DAVIDSON, Judge (dissenting).

Appellant was arrested about 2:30 o'clock, a. m., when the automobile he was *944 driving crossed over the street, after striking the curbing, and ran into a parking lot and guard rail.

Appellant insisted that he was not intoxicated and that the accident occurred as a result of his weakened condition from loss of blood.

The arresting officer testified:

"He had a head injury which was bleeding, and he said someone had hit him. I had occasion to observe his speech and actions, and his speech was very incoherent, and he talked in a mumbling manner. He was very unsteady on his feet, and I could smell a strong odor of alcohol on his breath. In my opinion, the boy was drunk, very drunk. The boy told me he was going to the hospital and had asked directions at some filling station, so I took the boy to Royal Bates Humble Service Station and verified his story with the attendant there. Then I took him to the hospital for a blood test. He gave his consent for the blood test * * *."

According to appellant's testimony and that of one of his companions, corroborated in certain respects by others, he and the companion had engaged in drinking the early part of the night and the companion carried him to his (appellant's) place of residence, a garage apartment, about 1:45 o'clock, a. m. As appellant entered his bedroom he received a lick on his head which rendered him unconscious. When he awoke, there was a pool of blood where he was lying on the floor. He realized he was bleeding from the wound and that he required immediate medical attention. He had no telephone in his apartment, and he lived alone. He decided to try to get to the hospital and was on his way when the wreck occurred as a result of his having fainted while driving.

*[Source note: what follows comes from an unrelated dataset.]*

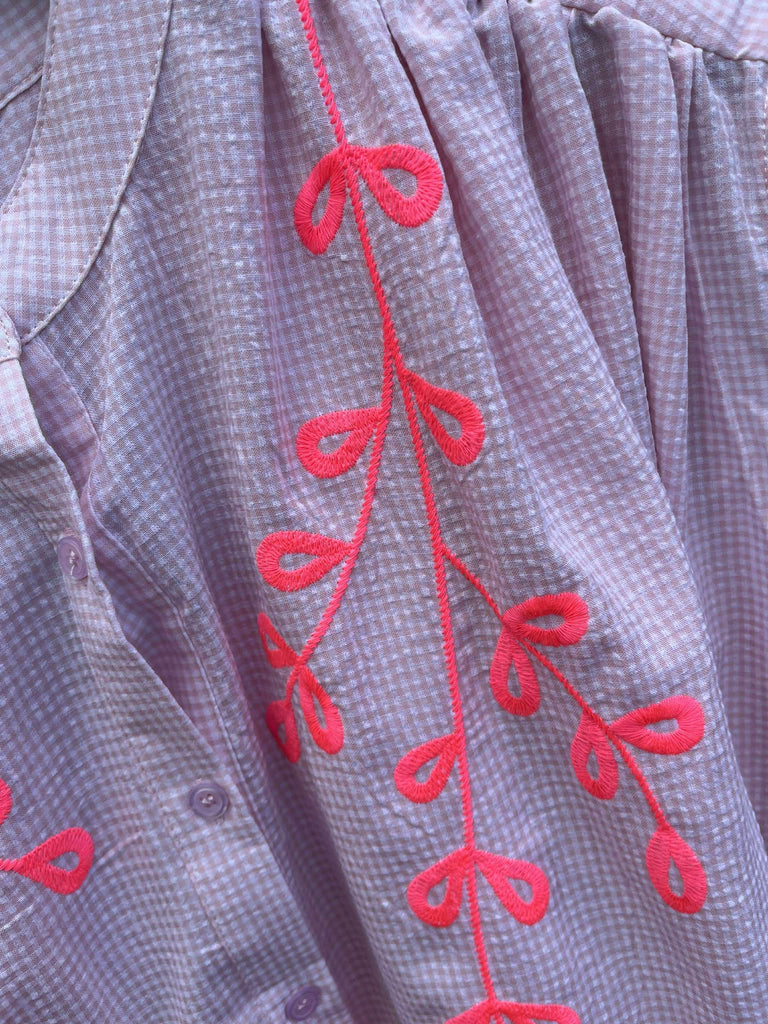 QNUZ 9088 Sus shirt w. embrodery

Under such circumstances, appellant, by exception to the charge as well as by special requested charge, insisted that he was entitled to have the jury instructed to the effect that if he was driving his automobile in search of medical attention for his injury, which services were deemed necessary for that purpose, he would not be guilty.

The trial court refused to so instruct the jury.

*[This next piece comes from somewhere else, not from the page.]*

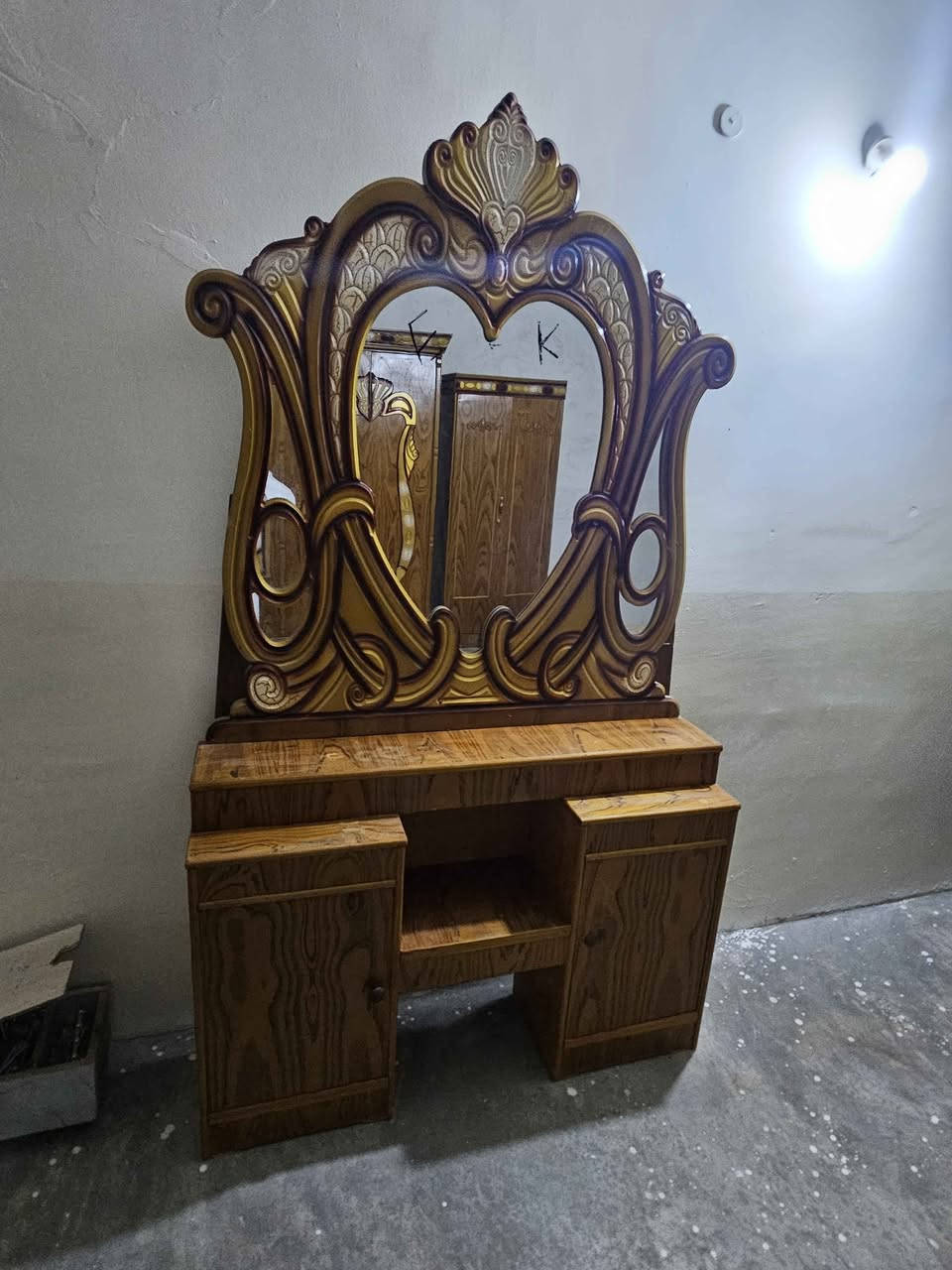 معرض اياد ويوسف غرفه نوم صاج سبع قطع سعره 400》***********》***********》 كركوك, العراق
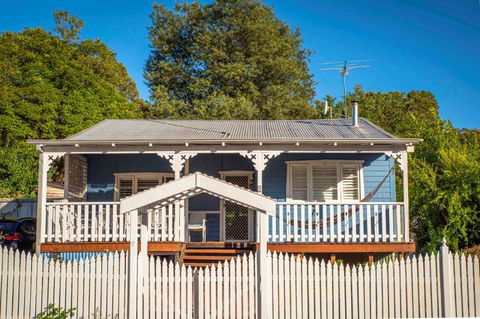 Dwellingup Retreat - Accommodation Sunshine Coast 0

The law has long recognized that a criminal offense may be excused if committed under necessity. 22 C.J.S. Criminal Law ยง 49, p. 115; Wharton's Criminal Law, Vol. 1, Sec. 410.

Our law of self-defense in a murder case arises out of that necessity for self-preservation.

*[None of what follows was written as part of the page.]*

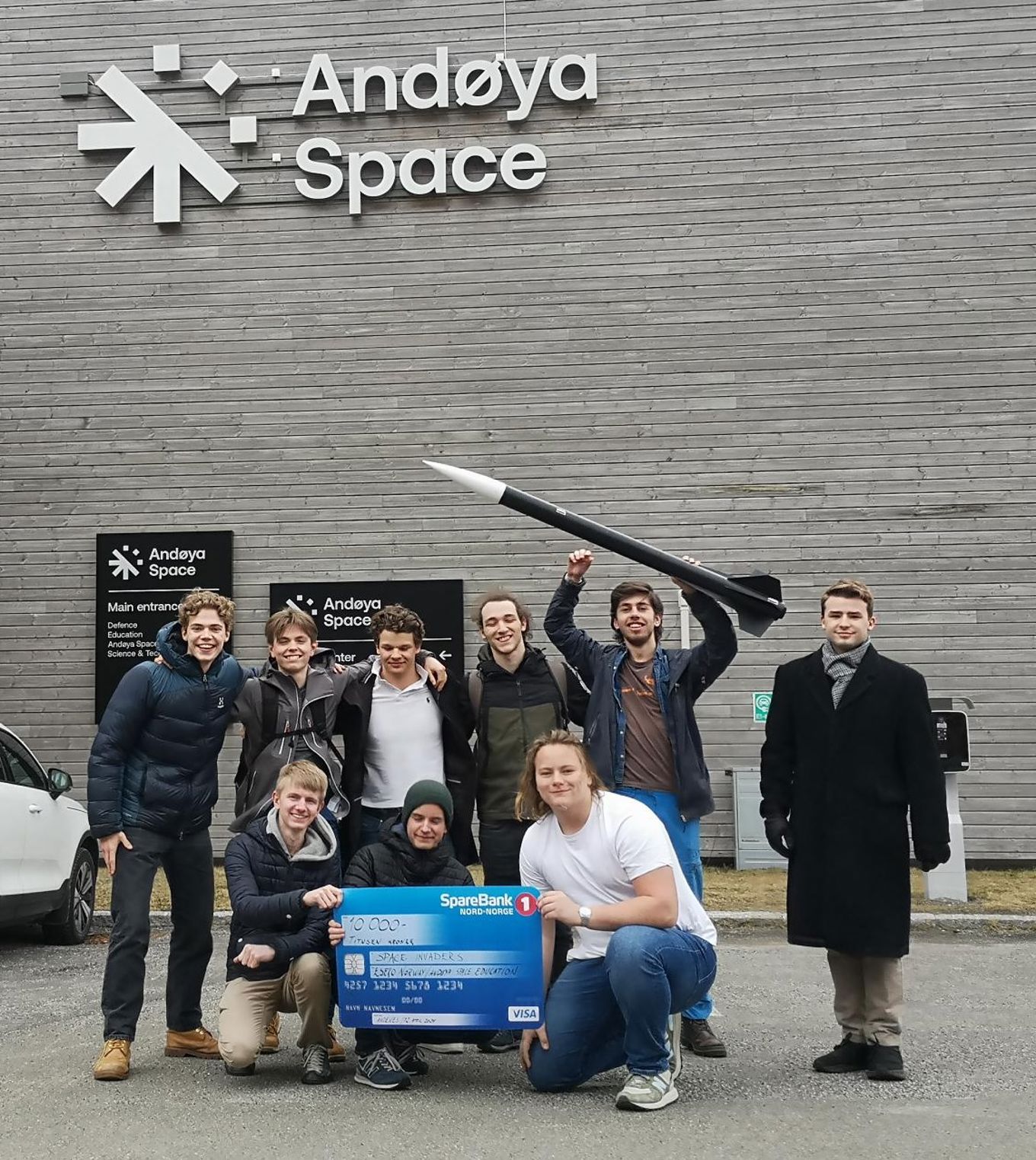 en gruppe mennesker som poserer for et bilde en gruppe mennesker som poserer for et bilde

Other jurisdictions recognize such a defense. Chesapeake & O. R. Co. v. Commonwealth, 119 Ky. 519-527, 84 S.W. 556; Browning v. State, 31 Ala.App. 137, 13 So. 2d 54.

In the Browning case, one of reckless driving, the defense was recognized that such driving was claimed necessary in order to escape an unlawful arrest and from fear of injury by those attempting to make the arrest.

Here, appellant, though drunk or intoxicated in his own home according to the state's contention, was violating no law. It is not unlawful for one to be drunk or intoxicated in his own home.

According to his testimony, he was either assaulted or struck by some object, as a result of which he was injured, and the injury, together with the loss of blood, required his receiving immediate medical attention. He had no way to secure that medical aid except to go in quest of it by driving an automobile upon a public highway.

Appellant did not ask that the jury be instructed to return a verdict of not guilty under those facts. All that he asked was that the question be submitted to the jury for their consideration and if they believed *945 that it was necessary, under the circumstances, for him to drive an automobile upon a public highway he would not be guilty of driving a motor vehicle while intoxicated upon a public highway.

My brethren refuse to permit a jury to pass upon that question, saying that no necessity could arise that might authorize one to drive a motor vehicle upon a public highway while merely under the influence of intoxicating liquor.

Suppose that, instead of being injured himself, his babyif he had onehad accidentally swallowed poison or his wife had suffered a heart attack. My brethren say that appellant would have to let them suffer and die without medical attention, for he could not lawfully take them to a doctor or to a hospital in his automobile because he was under the influence of intoxicating liquor.

About the only reason I know of for refusing to permit one to drive an automobile over a public highway of this state under such conditions is because a humanitarian jury might find the accused not guilty.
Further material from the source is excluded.